透過法拉第探針與電網電流量測,本研究系統性分析不同電壓條件下羽流電流分佈與張角變化。結果顯示,隨 screen grid 電壓提升,羽流電流顯著上升;而在 accelerator grid 施加負偏壓時,初期會擴大羽流張角,但隨偏壓進一步增加,張角逐漸收斂,且電網電流下降。此一結果證實電網偏壓在離子軌跡調控與羽流集中性中扮演關鍵角色。
綜合而言,本研究釐清了兩層式電網系統電壓參數對羽流與電網電流的影響機制,對於射頻離子推進器性能優化與電網設計具重要參考價值。
英文摘要:
Ion thrusters, with their advantages of high specific impulse, high efficiency, and long operational lifetime, have become indispensable electric propulsion technologies for deep-space exploration and precise orbit control. The radio-frequency ion thruster (RF ion thruster), which employs RF plasma excitation, eliminates the need for thermionic cathodes, thereby extending operational lifetime and simplifying structural design, making it an ideal candidate for miniaturization and microsatellite missions. The performance of such thrusters strongly depends on plasma generation and grid system configuration, where grid voltages play a critical role in determining ion acceleration, plume characteristics, thrust output, and overall lifetime.
This study investigates the effects of grid voltage variation on the performance of a 4 cm diameter RF ion thruster. The thruster employs an inductively coupled plasma (ICP) source and is equipped with a two-stage grid system consisting of a screen grid and an accelerator grid. Argon gas was used as the propellant in the experiments.
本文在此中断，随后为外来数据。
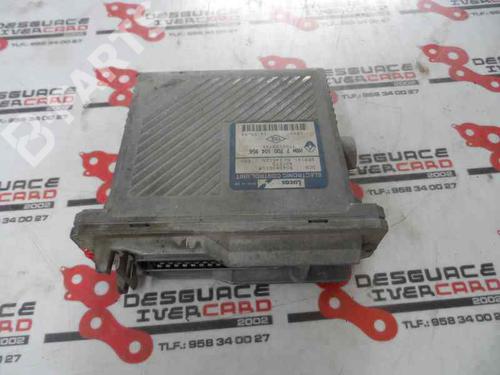 Used Engine control unit (ECU) RENAULT MEGANE Scenic (JA0/1_) [1996-2001]  199476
Through measurements of plume current distribution and divergence angles using a Faraday probe, along with grid current monitoring, this work systematically analyzes plume behavior under different voltage conditions. Results indicate that increasing the screen grid voltage leads to a significant rise in plume current. In contrast, applying a negative bias to the accelerator grid initially increases the plume divergence angle; however, as the bias is further increased, the angle converges while the grid current decreases. This behavior highlights the critical role of grid bias in shaping ion trajectories and enhancing plume collimation.
In conclusion, this study elucidates the influence of two-stage grid voltage parameters on plume characteristics and grid currents, providing valuable experimental insights for optimizing RF ion thruster performance and grid design.